*How to complete this task*:
Each line below is to be repeated exactly; any picture is to be left out.

◇ ◇ ◇

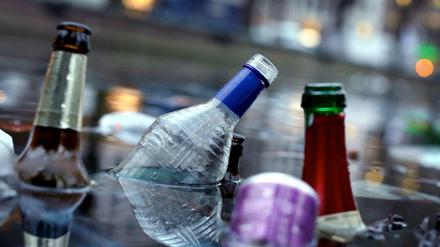 Eine ganze Badewanne voll mit Bier, Wein und Schnaps trinkt durchschnittlich jeder Deutsche jährlich aus. 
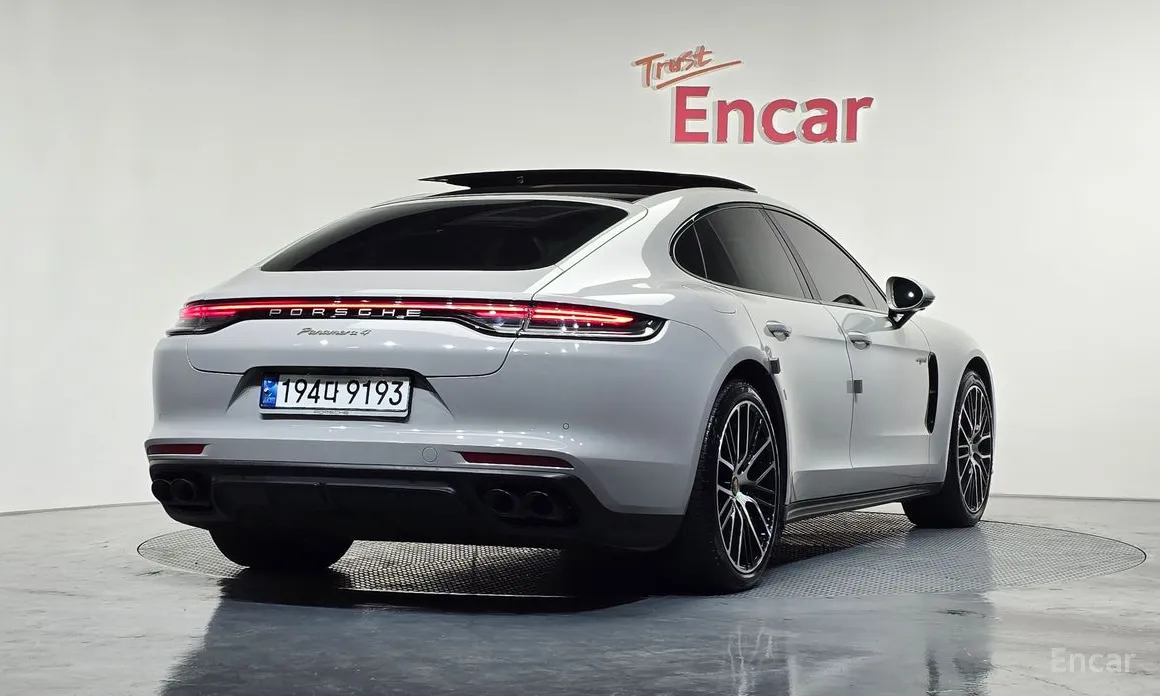 Фото 2 - Porsche Panamera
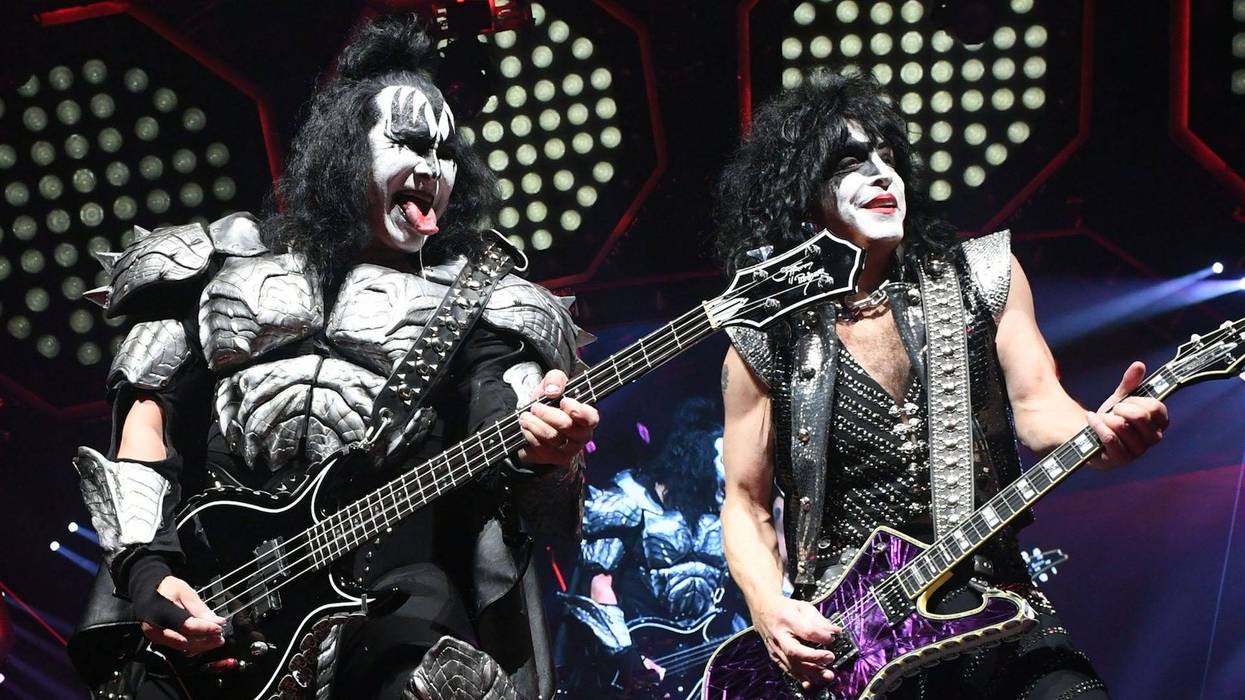Gene Simmons, Paul Stanley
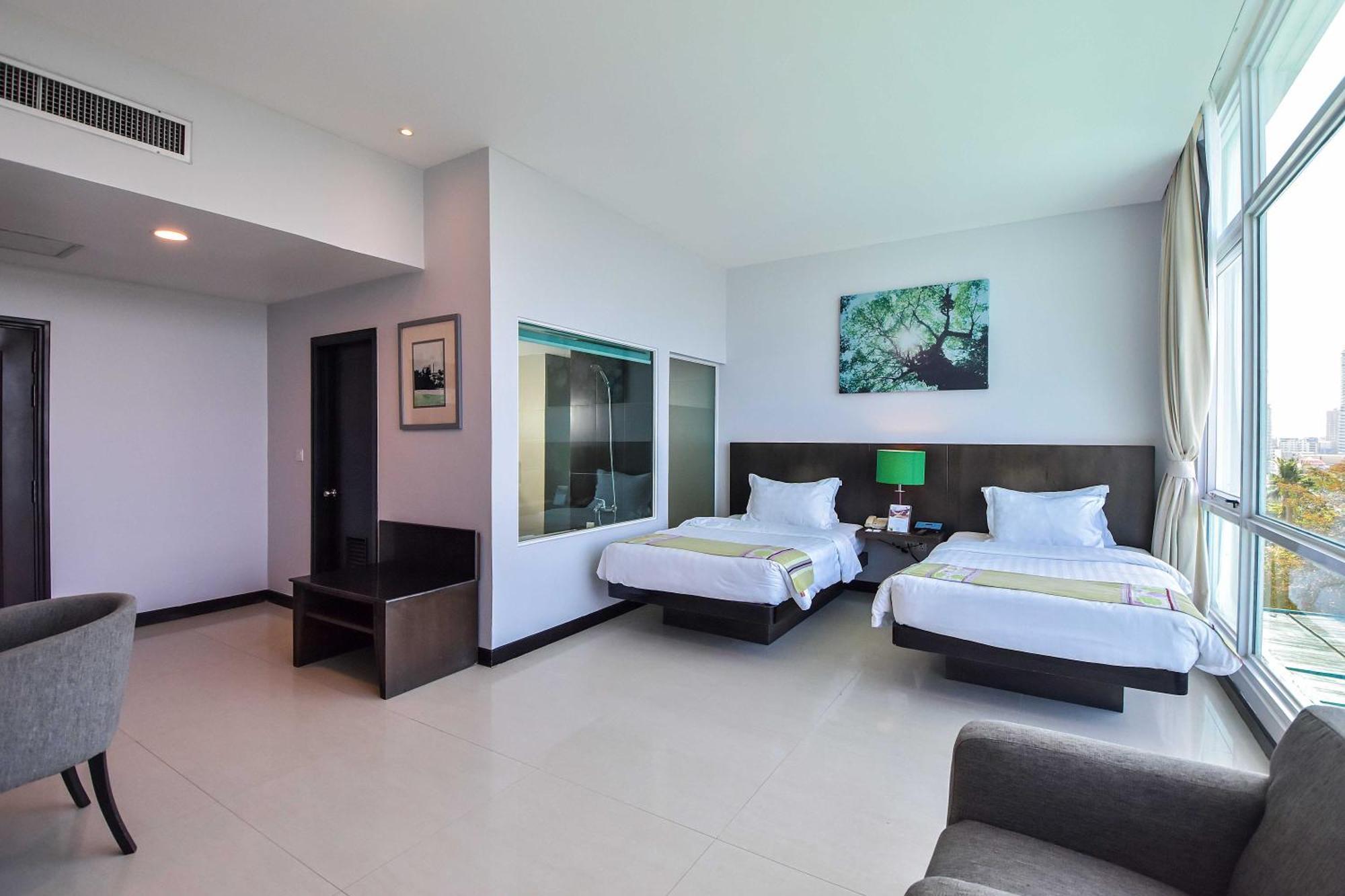 Hotel Independence Y 4*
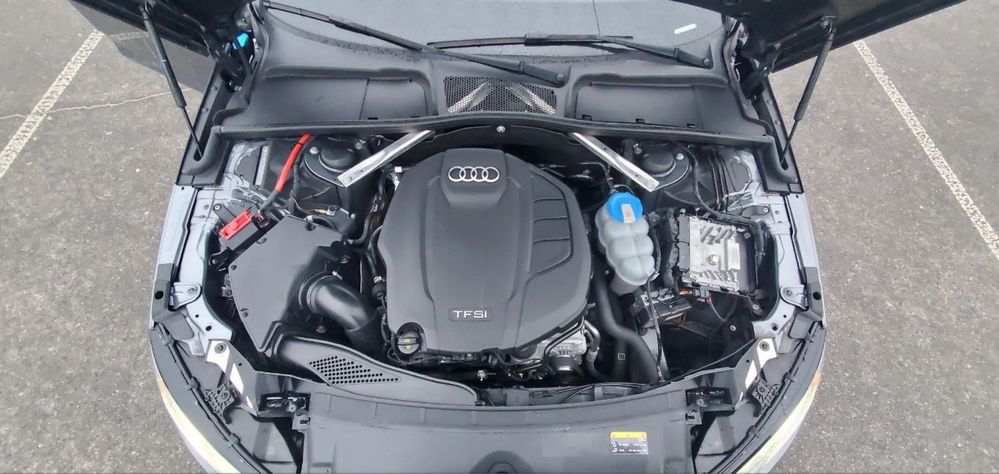 Audi A4 b9 в идеальном состоянии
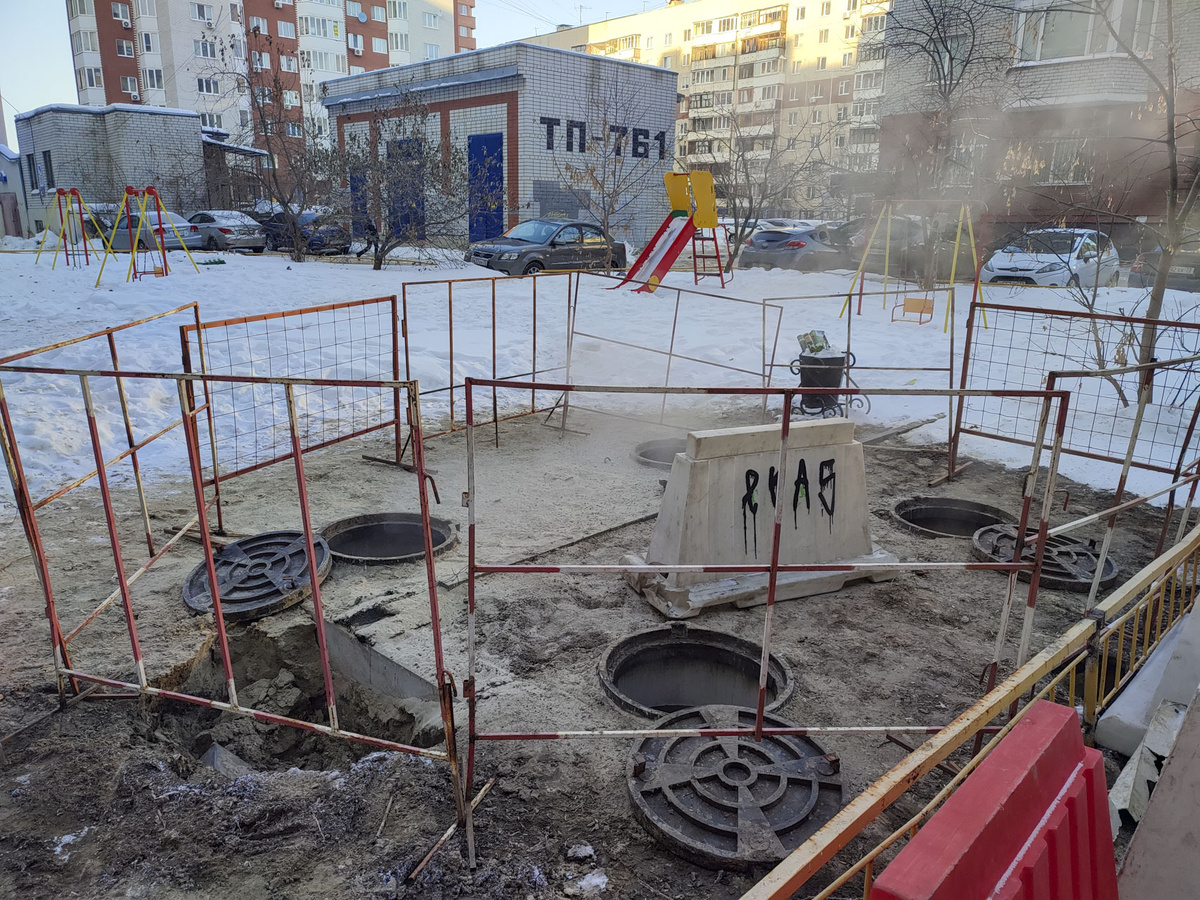 Центральная часть поселка затоплена канализацией, а подвалы многоквартирных домов залиты нечистотами.  Фото: ФедералПресс / Ирина Ромашкина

◇ ◇ ◇

*Result of this task*:
 Eine ganze Badewanne voll mit Bier, Wein und Schnaps trinkt durchschnittlich jeder Deutsche jährlich aus. 
 Фото 2 - Porsche Panamera
Gene Simmons, Paul Stanley
 Hotel Independence Y 4*
 Audi A4 b9 в идеальном состоянии
 Центральная часть поселка затоплена канализацией, а подвалы многоквартирных домов залиты нечистотами.  Фото: ФедералПресс / Ирина Ромашкина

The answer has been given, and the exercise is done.